Simulated Author's Rebuttal

2 responses · 1 unresolved

We thank the referee for their constructive comments and positive assessment of the work's significance, particularly the value of the temporally and spatially shifted test set and the DFS-Linear ablation. We address each major comment point by point below, with revisions incorporated where feasible.

read point-by-point responses
  1. Referee: [Methods (semi-supervised pipeline)] Methods section on the semi-supervised pipeline: the manual validation of clustered pseudo-labels is described without any quantitative metrics (fraction of clusters reviewed, inter-annotator agreement, or estimated label error rate). Because the training labels for the AST fine-tuning derive directly from this step, the absence of these details leaves open whether the reported AP gains on the independent test set reflect model quality or systematic label bias or noise.

    Authors: We agree that greater transparency on label quality is warranted.

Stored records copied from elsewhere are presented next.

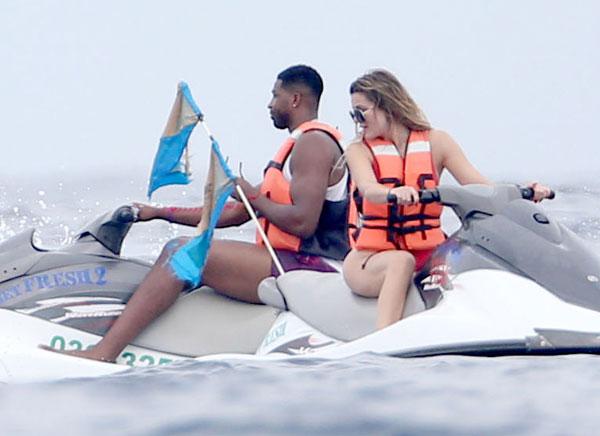 Khloe kardashian tristan thompson pda 02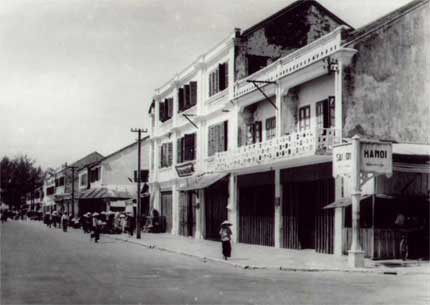 Nằm giữa thành phố Huế và thành phố Đà Nẵng là đèo Hải Vân (Hải Vân Quan). Cung đèo này từng được ví là "Thiên hạ đệ nhất hùng quan". Với chiều dài hơn 20 km, Hải Vân là một trong những cung đèo dài nhất, hiểm trở nhất ở Việt Nam.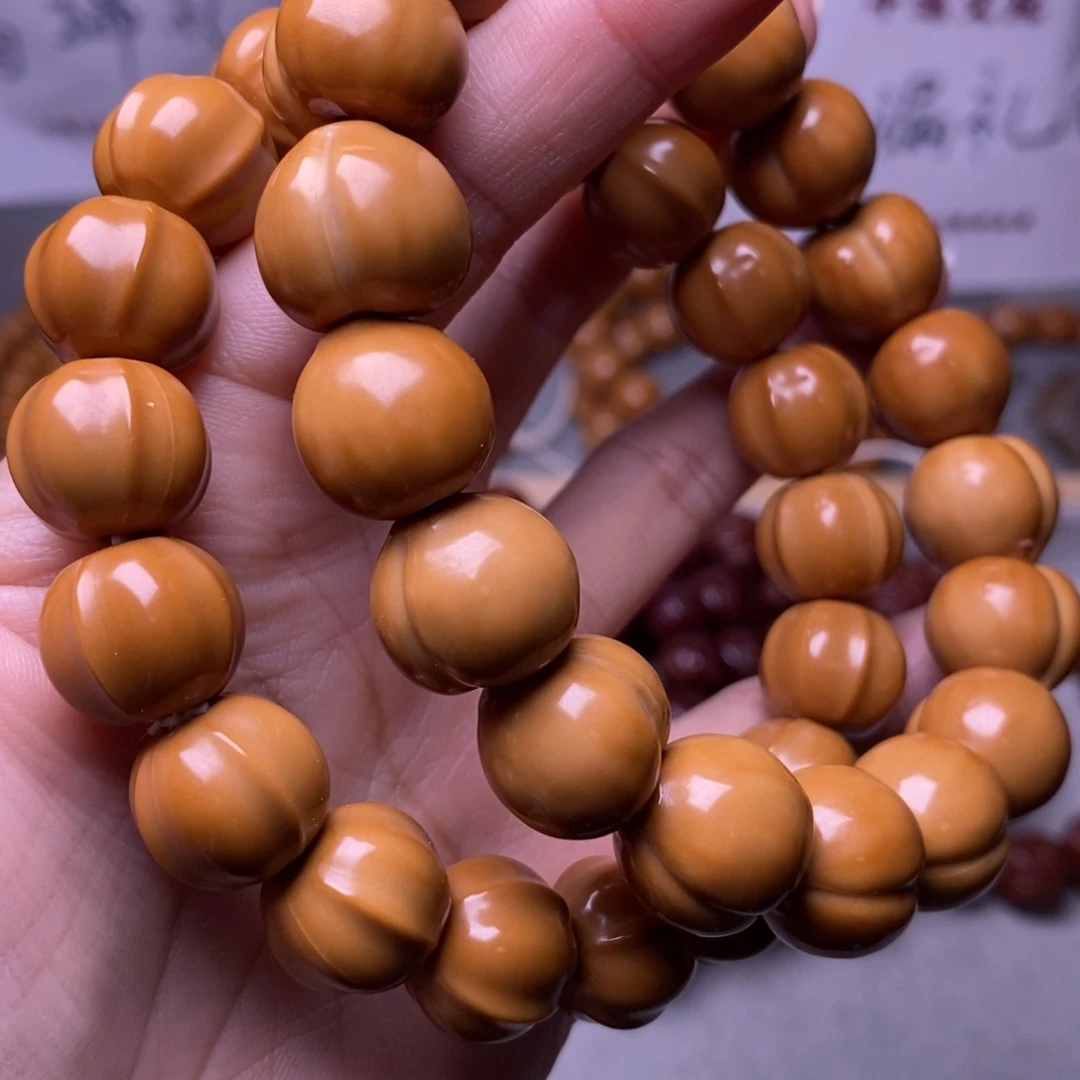 猴头核桃手串鲨鱼柯基屁桃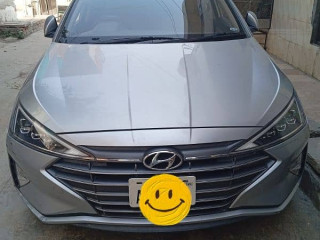 hyundai-elantra-2022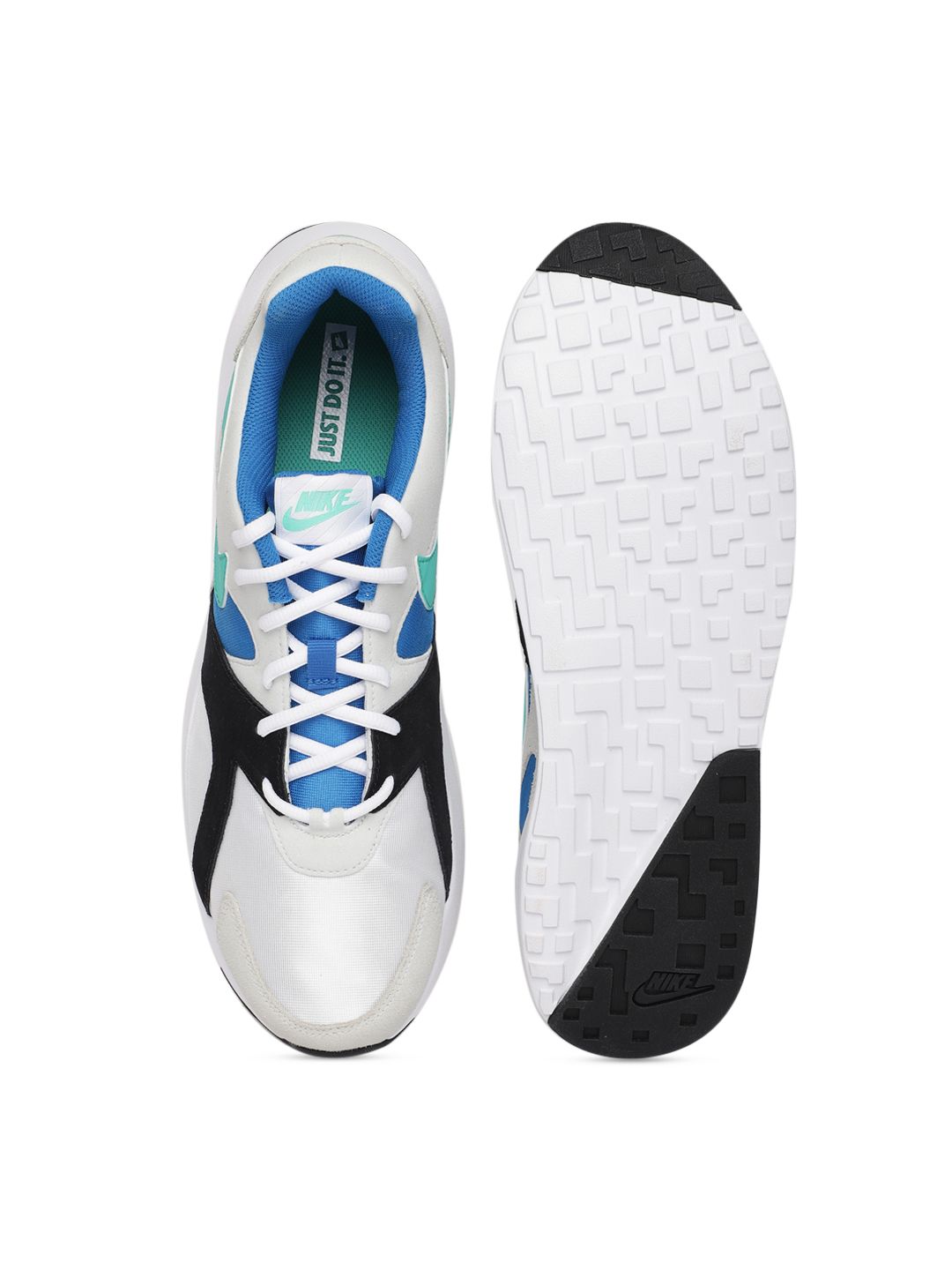 nike pantheos trainers in white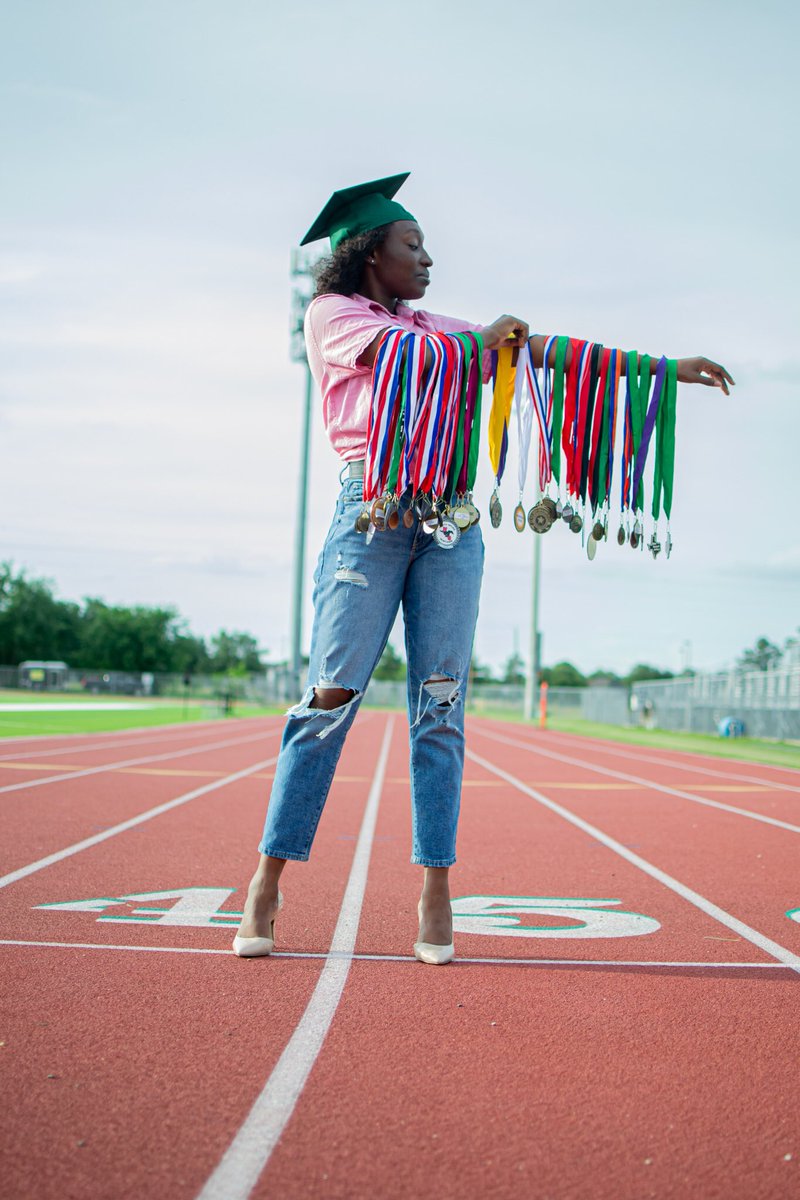 FantaBallo_'s tweet photo. End of an era.... to new beginnings👩🏾‍🎓 #Classof2021 https://t.co/GdaOYzIAI1
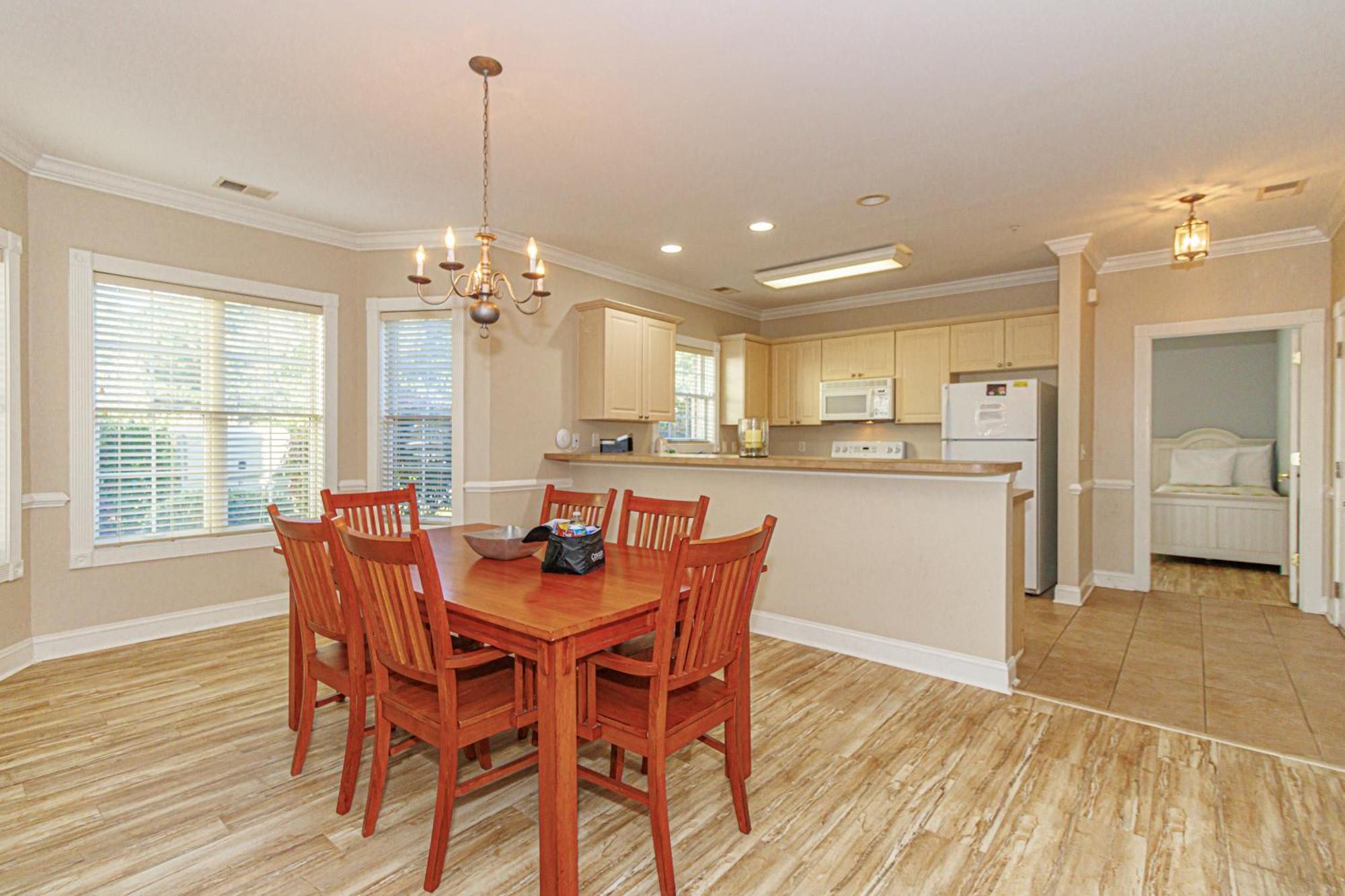 Ground Floor 3 Bedroom Condo! Magnolia Pointe 105! Sleeps 6 Guests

The revised Methods section now specifies the fraction of clusters reviewed (all clusters containing more than five samples, accounting for 85% of assigned data points) and an estimated label error rate of 4.2% obtained via post-hoc re-validation of a random 200-label subset by the same expert. We maintain that these additions, combined with the independent test-set results, indicate that performance gains arise from model adaptation rather than label artifacts. Inter-annotator agreement cannot be reported, as validation was performed by a single domain expert. revision: partial

  2. Referee: [Results] Results and evaluation sections: the manuscript reports AP improvements across 8/12 taxa and specific values for primates and elephants but provides no details on exact test-set data volumes, how the existing automatic detection tool baselines were implemented or re-trained, or statistical significance tests for the outperformance claims. These omissions make it impossible to verify the central empirical claim of generalization.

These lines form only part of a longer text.